Hari ini, Jumat (6/2/2026), dalam sebuah acara Wamenkomdigi Nezar Patria menyatakan bahwa masukan dari Komisi I DPR tengah masuk proses penelusuran. Dia pun menyebut Inspektur Jenderal (Irjen) Kemkomdigi RI Arief Tri Hardiyanto juga sedang memeriksanya. 

Pihaknya juga telah berbicara dengan Direktur Jenderal (Dirien) Infrastruktur Digital Kemkomdigi RI Wayan Toni Supriyanto. Hal ini dikarenakan loker di bawah Direktorat Jenderal Infrastruktur Digital Kemkomdigi RI. 

Nezar bercerita bahwa hal tersebut bertujuan agar mereka dapat mencari letak kesalahannya dan faktor pemicu dugaan kebocoran data pelamar loker Kemkomdigi RI. Artinya, hingga kini pemerintah belum mengetahui apa penyebabnya. 

"Yang pake Google Drive?
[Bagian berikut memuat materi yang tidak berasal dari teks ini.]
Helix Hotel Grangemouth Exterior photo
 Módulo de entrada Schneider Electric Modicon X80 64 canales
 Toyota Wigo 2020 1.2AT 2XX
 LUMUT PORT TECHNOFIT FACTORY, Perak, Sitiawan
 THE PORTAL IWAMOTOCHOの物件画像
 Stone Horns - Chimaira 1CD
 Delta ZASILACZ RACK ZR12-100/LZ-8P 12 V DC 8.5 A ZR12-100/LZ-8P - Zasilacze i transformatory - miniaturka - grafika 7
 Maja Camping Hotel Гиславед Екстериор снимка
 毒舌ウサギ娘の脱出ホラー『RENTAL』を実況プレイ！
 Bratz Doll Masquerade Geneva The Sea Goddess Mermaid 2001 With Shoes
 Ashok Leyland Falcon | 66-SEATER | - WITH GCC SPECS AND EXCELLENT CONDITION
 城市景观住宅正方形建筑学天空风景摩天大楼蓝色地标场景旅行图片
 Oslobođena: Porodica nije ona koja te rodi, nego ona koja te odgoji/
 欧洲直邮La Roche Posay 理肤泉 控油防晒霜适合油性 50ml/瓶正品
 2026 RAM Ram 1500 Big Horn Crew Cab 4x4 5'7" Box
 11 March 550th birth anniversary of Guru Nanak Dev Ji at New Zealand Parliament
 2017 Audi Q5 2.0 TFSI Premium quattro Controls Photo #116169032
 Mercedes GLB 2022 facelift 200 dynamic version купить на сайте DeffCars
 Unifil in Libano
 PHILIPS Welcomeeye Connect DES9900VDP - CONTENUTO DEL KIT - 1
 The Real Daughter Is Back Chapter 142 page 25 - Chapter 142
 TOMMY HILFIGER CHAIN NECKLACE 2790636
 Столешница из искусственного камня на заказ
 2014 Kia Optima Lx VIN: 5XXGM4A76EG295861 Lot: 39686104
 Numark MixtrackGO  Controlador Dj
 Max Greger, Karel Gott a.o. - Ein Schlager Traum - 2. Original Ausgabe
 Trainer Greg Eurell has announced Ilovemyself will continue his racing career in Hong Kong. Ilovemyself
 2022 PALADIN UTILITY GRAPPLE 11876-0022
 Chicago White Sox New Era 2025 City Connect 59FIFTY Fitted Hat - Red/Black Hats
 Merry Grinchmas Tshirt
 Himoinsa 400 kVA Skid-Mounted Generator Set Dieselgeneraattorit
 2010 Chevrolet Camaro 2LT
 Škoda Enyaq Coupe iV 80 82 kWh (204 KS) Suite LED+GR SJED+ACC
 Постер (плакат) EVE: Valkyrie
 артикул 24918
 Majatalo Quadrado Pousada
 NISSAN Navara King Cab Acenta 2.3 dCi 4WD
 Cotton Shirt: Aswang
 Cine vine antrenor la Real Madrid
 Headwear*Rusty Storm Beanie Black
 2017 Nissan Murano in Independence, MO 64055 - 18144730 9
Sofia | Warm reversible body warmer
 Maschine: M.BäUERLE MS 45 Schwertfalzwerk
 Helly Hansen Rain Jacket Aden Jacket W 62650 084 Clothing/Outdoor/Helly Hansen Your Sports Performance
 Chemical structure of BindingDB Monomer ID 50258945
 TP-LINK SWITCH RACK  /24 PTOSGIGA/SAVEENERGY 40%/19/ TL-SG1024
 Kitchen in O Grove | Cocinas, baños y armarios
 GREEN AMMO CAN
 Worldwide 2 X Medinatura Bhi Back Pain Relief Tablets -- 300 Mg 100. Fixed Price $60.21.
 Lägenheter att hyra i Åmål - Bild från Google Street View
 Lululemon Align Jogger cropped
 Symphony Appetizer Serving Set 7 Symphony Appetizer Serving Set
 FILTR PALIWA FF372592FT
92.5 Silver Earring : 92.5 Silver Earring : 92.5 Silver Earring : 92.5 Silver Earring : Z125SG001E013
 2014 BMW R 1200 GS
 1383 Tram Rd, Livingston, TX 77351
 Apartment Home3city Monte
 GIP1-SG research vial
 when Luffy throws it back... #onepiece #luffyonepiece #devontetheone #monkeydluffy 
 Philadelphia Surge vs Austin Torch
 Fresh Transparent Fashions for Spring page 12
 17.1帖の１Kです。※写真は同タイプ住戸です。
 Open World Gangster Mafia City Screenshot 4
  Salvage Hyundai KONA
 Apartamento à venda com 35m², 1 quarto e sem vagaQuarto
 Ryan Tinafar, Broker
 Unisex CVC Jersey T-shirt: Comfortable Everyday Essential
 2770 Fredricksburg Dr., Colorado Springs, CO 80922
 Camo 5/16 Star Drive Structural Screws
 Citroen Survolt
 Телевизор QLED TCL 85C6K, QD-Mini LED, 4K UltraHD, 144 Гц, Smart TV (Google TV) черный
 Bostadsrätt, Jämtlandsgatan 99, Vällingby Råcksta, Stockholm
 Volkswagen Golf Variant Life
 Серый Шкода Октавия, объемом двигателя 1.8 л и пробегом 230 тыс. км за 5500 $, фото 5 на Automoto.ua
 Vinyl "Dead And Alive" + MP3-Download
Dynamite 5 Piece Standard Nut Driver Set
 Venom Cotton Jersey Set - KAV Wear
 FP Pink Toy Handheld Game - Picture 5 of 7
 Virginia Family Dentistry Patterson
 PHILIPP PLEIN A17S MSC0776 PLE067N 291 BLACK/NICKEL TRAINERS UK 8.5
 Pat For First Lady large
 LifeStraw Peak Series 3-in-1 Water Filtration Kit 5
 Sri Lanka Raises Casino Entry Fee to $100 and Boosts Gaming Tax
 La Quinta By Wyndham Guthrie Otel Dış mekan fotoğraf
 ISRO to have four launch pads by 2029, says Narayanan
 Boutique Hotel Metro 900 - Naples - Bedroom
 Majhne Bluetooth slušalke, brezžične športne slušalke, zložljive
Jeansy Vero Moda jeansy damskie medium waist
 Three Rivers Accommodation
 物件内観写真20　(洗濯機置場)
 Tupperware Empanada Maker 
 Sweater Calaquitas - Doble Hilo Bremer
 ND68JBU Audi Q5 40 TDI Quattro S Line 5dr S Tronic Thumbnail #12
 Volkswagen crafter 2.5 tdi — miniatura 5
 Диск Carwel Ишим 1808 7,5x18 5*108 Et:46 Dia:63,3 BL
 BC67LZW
Lagi ditelusuri dan lagi diperiksa oleh irjen, gitu. Jadi kesalahannya di mana dan kita liat kenapa itu bisa terjadi," kata Nezar di Kantor Pusat Indosat, Jakarta, Jumat. "Penyelidikan dilakukan secara internal."

Secara umum Nezar mengakui memang terdapat kelalaian dalam waktu singkat, namun segera menutup akses tautan (link) Google Drive yang berisikan data pelamar loker tersebut dan mengganti ke kanal (channel) lain dengan menggunakan platform yang mereka klaim lebih aman. 

Akan tetapi, dia tak membeberkan platform baru tersebut. Sementara itu, Nezar mengatakan seharusnya standar operasional prosedur (SOP) penerimaan pelamar kerja di Kemkomdigi RI tak menggunakan Google Drive. 

"Mestinya ya, gitu. Jadi makanya sedang ditelisik kenapa itu terjadi, kecerobohannya di mana," tutup dia.